The next step is crucial, and that is understanding, in this new distributed data world, where your data is, valuing it, finding new data, and then carrying out value exchange and collaborative efforts around that data. Thus, Dataspaces were born. Dataspaces are truly cloud-native data, where data can be discovered, valued, exchanged, and create a marketplace of data and data artifacts that drive insights, previously unattainable.
The journey to cloud native
As organizations embark on their journeys to realize cloud-native data benefits, they will need to focus on several data capabilities that provide the most value. These capabilities addressed in a structured manner can enable a much more streamlined path to value. HPE has worked with a multitude of customers on their journeys, and we use an intellectual property framework that facilitates us to help our customers get to cloud-native data nirvana faster. Some of the key components to address are:
Data Strategy and Governance defines the organization, strategy, and stewardship to maximize data value and ensure compliance.
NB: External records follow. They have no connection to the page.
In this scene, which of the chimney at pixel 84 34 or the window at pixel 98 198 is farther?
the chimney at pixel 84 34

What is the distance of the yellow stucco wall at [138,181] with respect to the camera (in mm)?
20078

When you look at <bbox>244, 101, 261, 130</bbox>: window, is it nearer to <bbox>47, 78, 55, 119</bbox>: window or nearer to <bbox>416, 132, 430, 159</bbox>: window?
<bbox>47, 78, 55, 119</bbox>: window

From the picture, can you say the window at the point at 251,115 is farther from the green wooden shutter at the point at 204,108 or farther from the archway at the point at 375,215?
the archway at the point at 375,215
Data Architecture provides the data principles, physical characteristics, and formats to enable cloud native practices.
Data Lifecycle Management safeguards the retention and resiliency required to manage this most critical asset.
Data Ingestion & Processing focuses on the incorporation and quality of the data creation and migration capabilities.
Data Knowledge is required to provide and communicate the holistic data opportunities.
Data Consumption must provide an ease of intelligence, insights and predictions.
As clients look to jumpstart their cloud native data capabilities across their ecosystem, HPE has enabled them to holistically mature their operating models to enable insights at scale and pace. As shared here, one of the greatest benefits to operating in a cloud like manner involves the data domain. A cloud native manner exposes data through APIs meaning the data itself becomes an entity the programmer can easily find, manipulate, and create value from, much as they did with early cloud services. This openness, although wrapped in governance for protection, allows us to understand data provenance leading to transparency for AI models, reports, decision making and more. Trusted AI starts with trusted data and that means lineage and process history. HPE Edge-to-Cloud Adoption Framework guides customers in establishing proper governance, strategy, and lifecycle management, while at the same time maturing their cloud-native architecture, ingestion, and consumption capabilities.
Glyn Bowden is a CTO for HPE Pointnext Services, AI & Data Science Practice. His technical experience has spanned many industries from global finance, national security and high technology. With a background in high performance compute, cloud native computing and emerging technologies such as blockchain and machine learning, Glyn’s goal is to make high technology solutions accessible to all.